O Dangerous Night! (A Christmas Eve Sermon)

(You can listen to a podcast of this message here.)

Looking back, one of the reasons I rejected faith in God and especially the church when I was a young adult was that I thought Christianity had nothing to do with the real world.

The churches my parents took me to when I was growing up were nice.  Everybody wore their best clothes and smiled their biggest smilesChristmas Eve (Service #3) at Christ Lutheran and was on their best behavior.  They didn’t seem to have any problems or to share any of the doubts I had.

Christmas was especially nice.  The manger scenes were so perfect with their pristine Mary’s and Joseph’s in what must have been the cleanest stable in history.  Even the animals in the manger scenes were shiny and sparkling.  No, Christmas didn’t seem to take place in anything approaching reality.

The baby Jesus was nice.  “The little Lord Jesus, no crying he made.”  It didn’t seem like he did other normal things real babies do – like poop and pee and . . . projectile vomit. 

Church, Christmas, and Jesus were not like the real world at all.  As I got older and more aware that the world is often not very nice, that dirt and disappointment and death are a part of life, the church – and especially the nice Christmas story – didn’t seem to have lots of relevance to reality.

When I was 25, my dad died and I made what I thought was my final break with the church and with God.  I can remember going to the midnight Christmas Eve service that year to make my mom happy, but I sat there sneering through the celebration of something that seemed to have nothing to do with my father’s suffering during his long illness and his much-too-young death.

It’s possible to be in church on Christmas Eve and to be surrounded by nice and feel like you’re the only one struggling with the whole thing because of what’s going on in your life or what’s going on in the world.  It’s easy to feel like everyone else seems to have no trouble feeling the joy – and probably had all their Christmas shopping done by Thanksgiving.

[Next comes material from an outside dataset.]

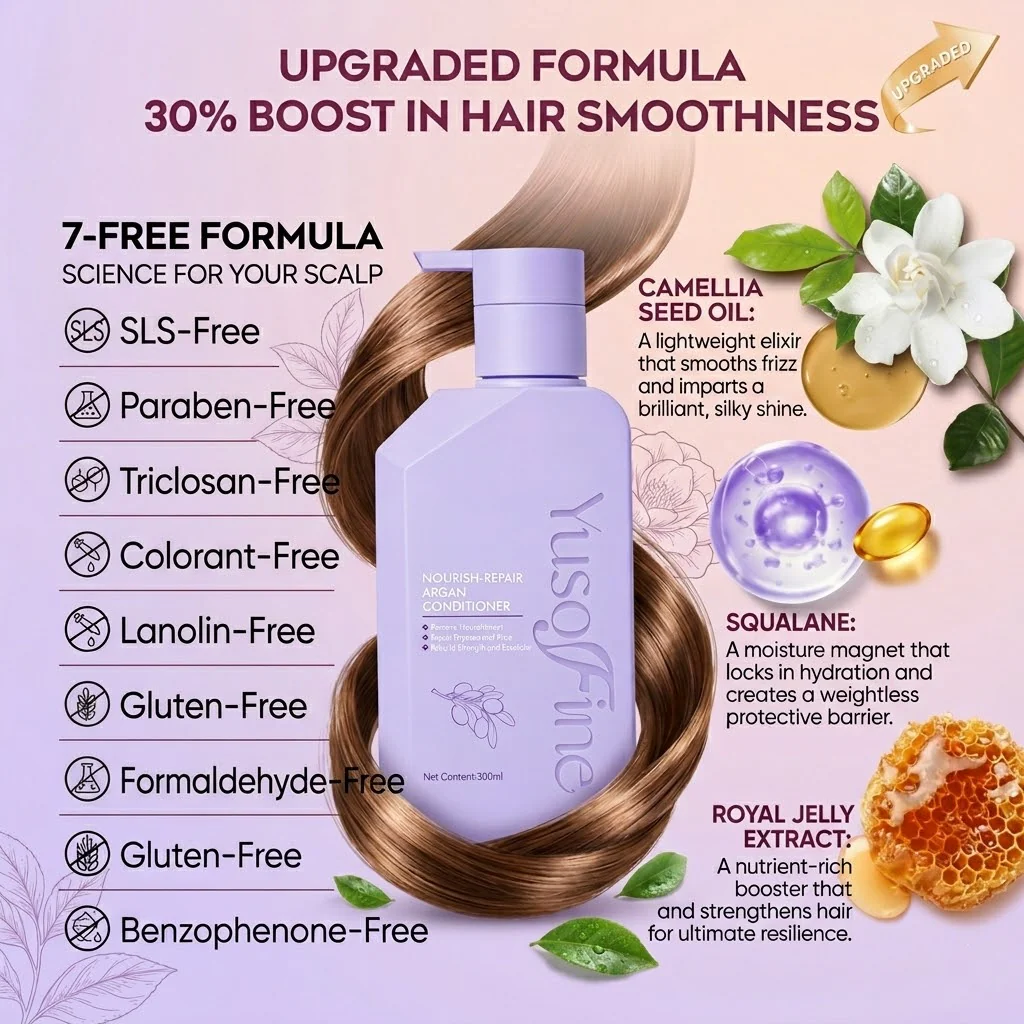 Yusofine Nourish-Repair Argan Conditioner (300ml) - Image 7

If you’re feeling like that this evening, then I want to assure you that you’re not the only one. I know there are others here experiencing life challenges and doubts.  

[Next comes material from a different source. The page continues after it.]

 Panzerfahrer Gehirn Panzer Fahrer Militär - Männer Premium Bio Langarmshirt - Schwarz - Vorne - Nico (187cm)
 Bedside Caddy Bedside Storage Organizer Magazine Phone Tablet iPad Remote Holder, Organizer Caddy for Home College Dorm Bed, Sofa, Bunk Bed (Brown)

And I want to apologize to you on behalf of the church. We’ve made the reality of Christmas into a slick sentimental story.  We’ve made it about petty annoyances like whether the clerk at Wal Mart says “Merry Christmas” or “Happy Holidays.”  We’ve managed to make Christmas both sentimental and small.

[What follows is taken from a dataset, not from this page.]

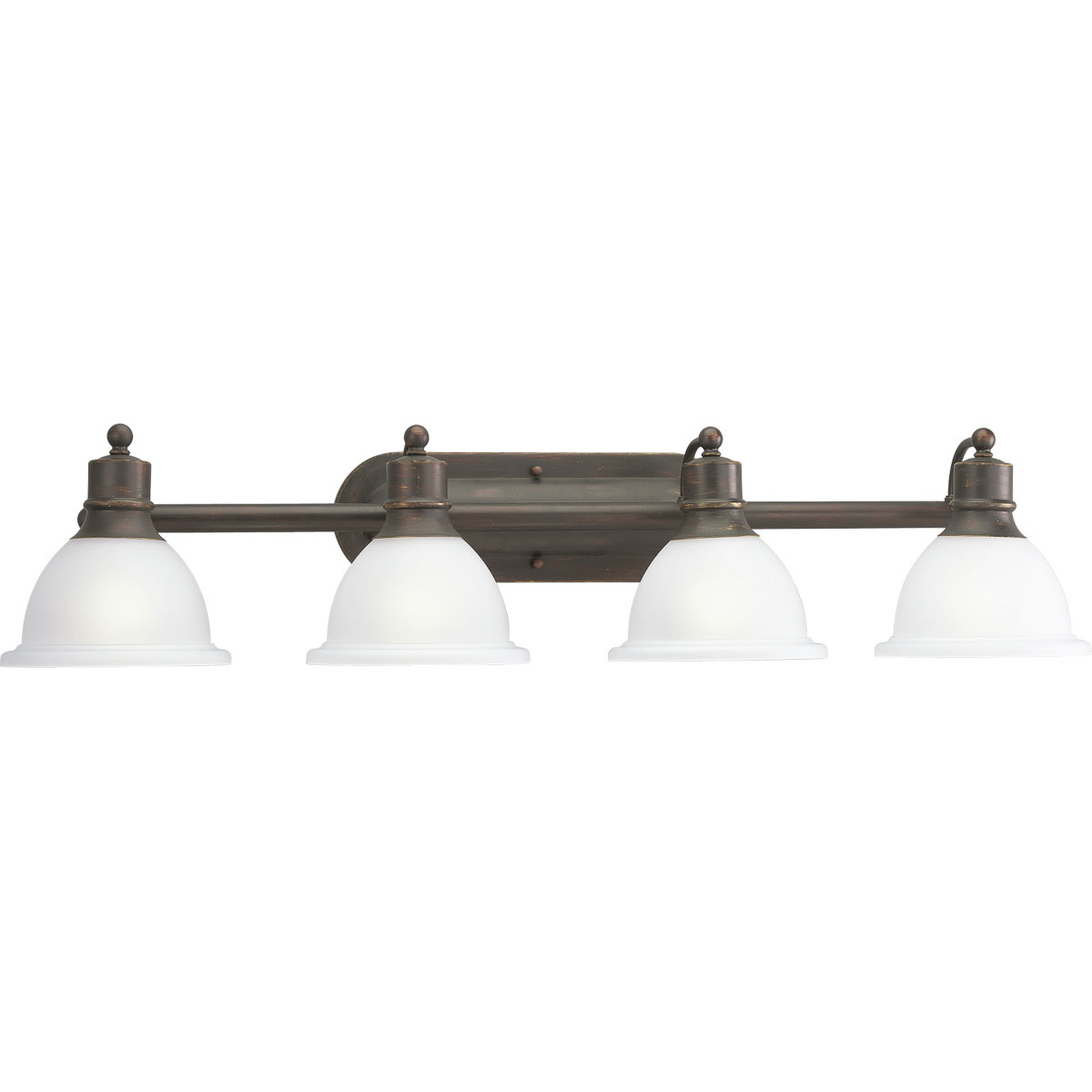 Antique Bronze Four-light wall bracket with white etched glass. Glass in a clean, simple domed shape provides even, diffused illumination. Fixture can be installed facing upwards or downwards.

But Christmas – that first Christmas in Bethlehem 2000 years ago – was neither sentimental nor small.  It was nothing less than God breaking into human history.  God became one of us . . . it’s about INCARNATION, which literally means God became meat . . . flesh.

That first Christmas was not about warm feelings by the Christmas tree or finding just the right gift or Christmas card platitudes.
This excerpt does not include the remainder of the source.